2. **It mixes caching and storage quotas, compouding confusion.** A slot might fail to fill because of seemingly unrelated operations, like the operator having used the node to download a file from the network. If the user does not have a very clear idea of the Codex storage model, this is unexpected.
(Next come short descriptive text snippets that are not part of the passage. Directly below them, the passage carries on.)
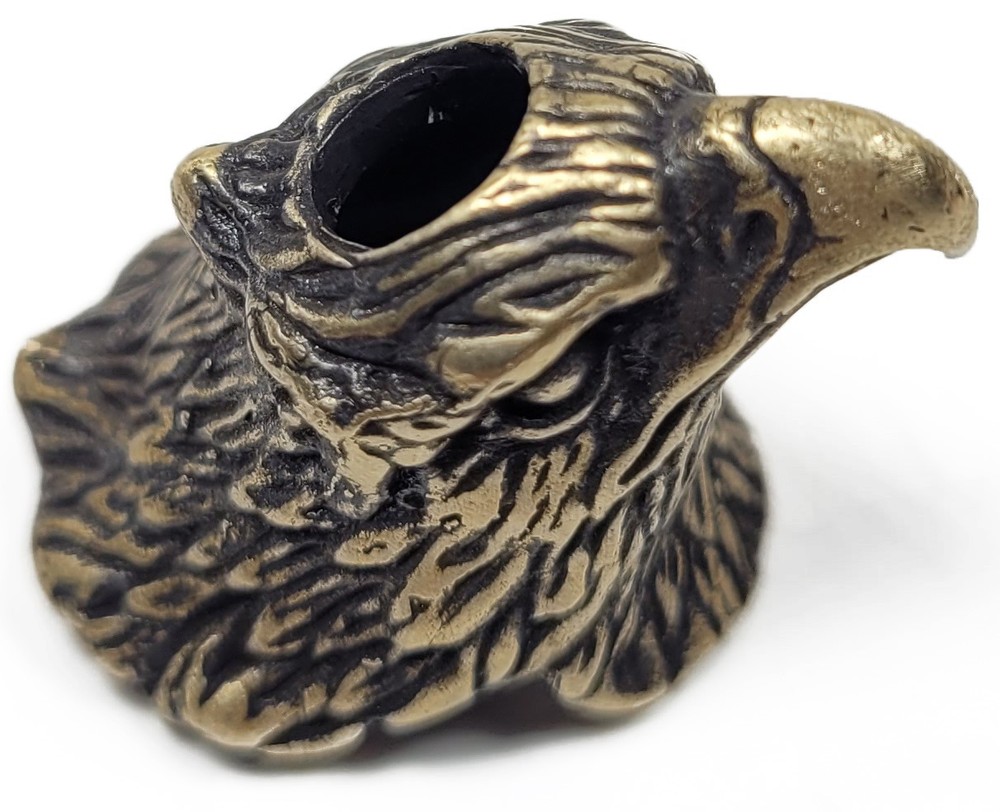 Bald Eagle Bead - 1 Pack
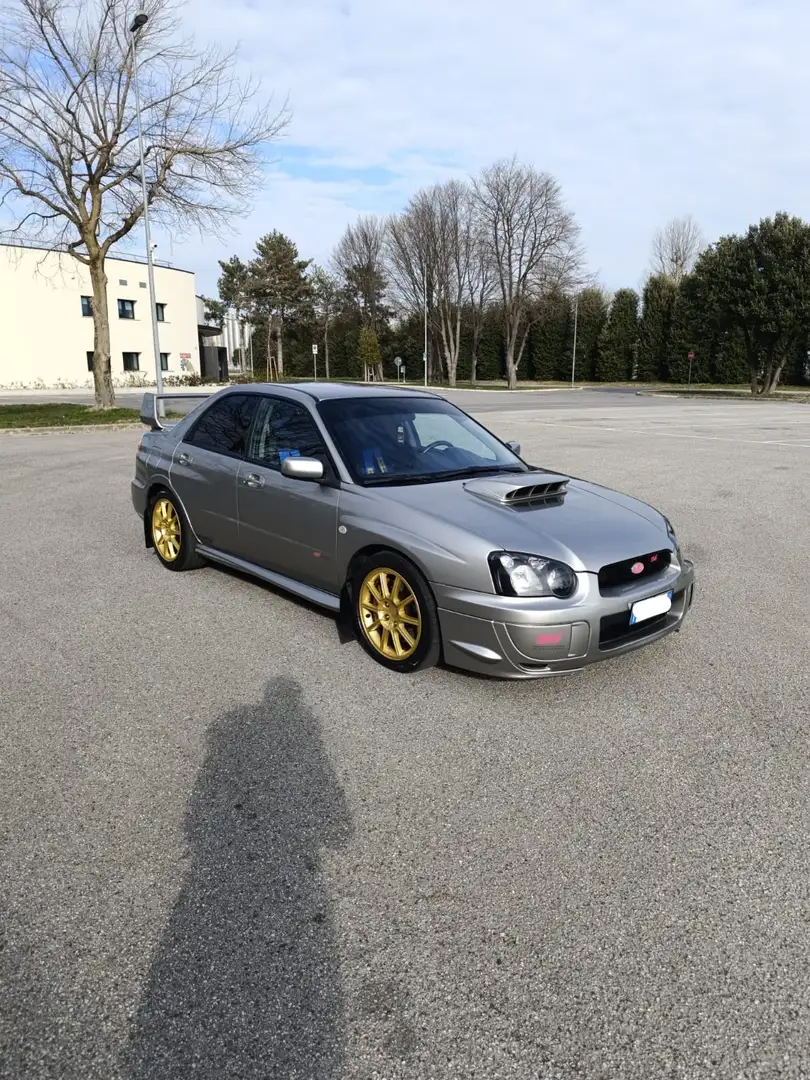 Subaru Impreza Berlina 2.0t STI awd - 2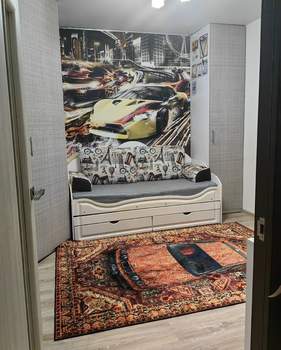 3-к квартира, вторичка, 66м2, 15/16 этаж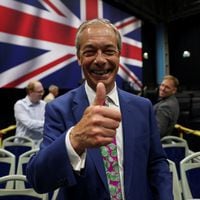 Diane Bolet, académica de la Universidad de Essex: “El regreso de Farage a la política es una mala noticia para el Partido Conservador”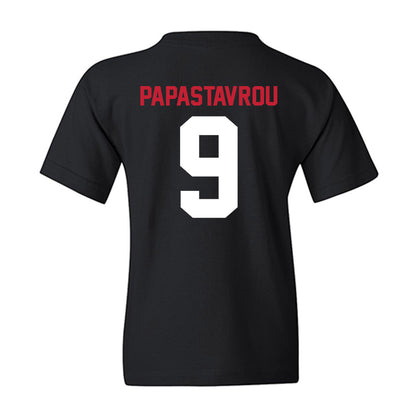 Seattle - NCAA Men's Basketball : Stratos Papastavrou - Classic Shersey Youth T-Shirt-1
While we could add active garbage collection to purge expired blocks when storage pressure mounts, this adds the problem of defining an active garbage collector trigger, dealing with issues like thrashing, and possibly doing extra bookkeeping to keep performance of GC cycles acceptable.
### 2. **Separate reserved quotas from caching.**
In this case, we would have two pools (or partitions) -- reserved and non-reserved -- and we do not allow those to mix. This means adding a primitive that allows selecting to which pool we want to write, like:
```nim=
method putBlock*(
self: CacheStore, blk: Block, ttl = Duration.none, reserved: bool = false
): Future[?!void] {.async.} =
```
This allows us to fix the "mixing of caching and storage quotas" problem described earlier, so that reservations are never used up by caching. It also fixes accidental overcommitting to some extent, because caching will not eat into carefully sized availabilities. It still allows room for issues, however:
1. **Marketplace has to track its use of the reserved quotas very carefully.** In practice, it needs to correctly implement partitioning of the reserved space from outside of the RepoStore. This includes keeping track of how many bytes are used per partition in the face of failures and unexpected conditions, and keeping that in sync with the blocks actually in the RepoStore. Since you cannot tag blocks as part of a partition from the outside, there is ample room for corner cases leading to orphaned/leaked blocks that linger in the repostore forever.
### 3. **Implement a partitioned RepoStore.**
As the name implies, this would allow RepoStore quotas to be dynamically partitioned into disjoint spaces, and the RepoStore would be responsible for keeping track of per-partition quotas. The primitive from earlier would become something like:
```nim=
method putBlock*(
self: CacheStore, blk: Block, ttl = Duration.none, partition: uint32 = 0
): Future[?!void] {.async.} =
```
This has several advantages:
* we could tag blocks with their partition IDs in their metadata, which would mean eventual orphaned blocks would live as long as their availabilties;
* I don't think this would make the RepoStore any slower, since we need to do quota checks at every store operation anyway;
* it would ensure, by construction, that the quota tallies and what is actually in the RepoStore are always in sync;
* it would free Marketplace from implementing this logic, and focus instead on making sure that the contents within each parition is managed properly. Blocks might still leak if, say, a slot fails to fill but Marketplace does not clean the blocks up from the RepoStore reservation (or does not clean the reservation itself) but those are easier to detect and recover from; e.g., a sweep at startup that looks for orphaned BlockStore reservations could be enough to make this work OK-ish.